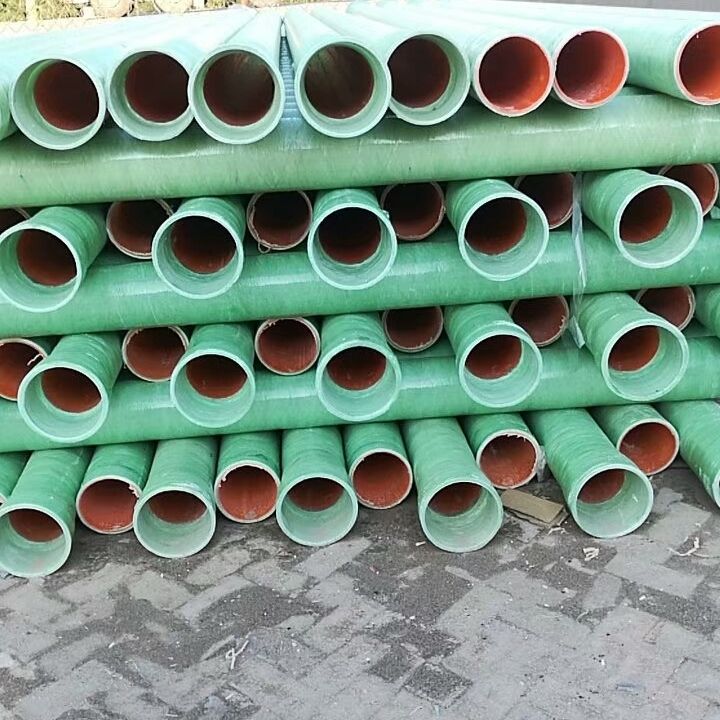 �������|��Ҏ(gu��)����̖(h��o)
...
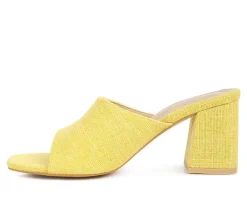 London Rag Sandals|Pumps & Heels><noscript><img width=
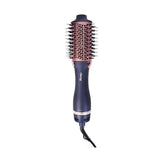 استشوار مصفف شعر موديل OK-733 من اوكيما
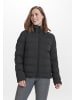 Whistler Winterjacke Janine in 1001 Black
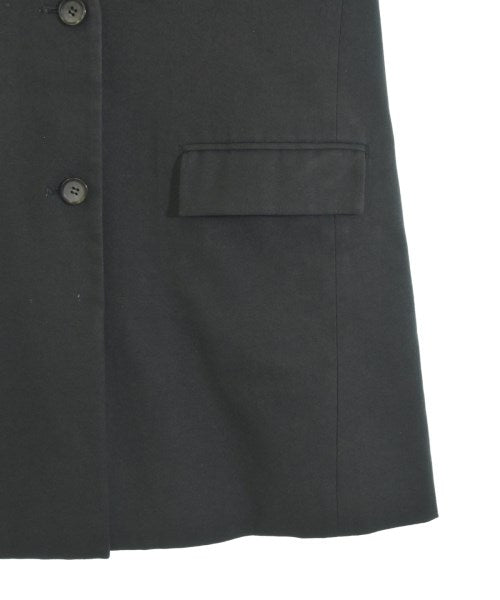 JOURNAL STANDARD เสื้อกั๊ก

• Problem statement
Your reply should hold nothing but the lines above, from the one containing "London Rag Sandals|Pumps" to the one containing "JOURNAL STANDARD เสื้อกั๊ก", reproduced exactly minus the pictures.

• Answer for this exercise
 London Rag Sandals|Pumps & Heels><noscript><img width=
 استشوار مصفف شعر موديل OK-733 من اوكيما
 Whistler Winterjacke Janine in 1001 Black
 JOURNAL STANDARD เสื้อกั๊ก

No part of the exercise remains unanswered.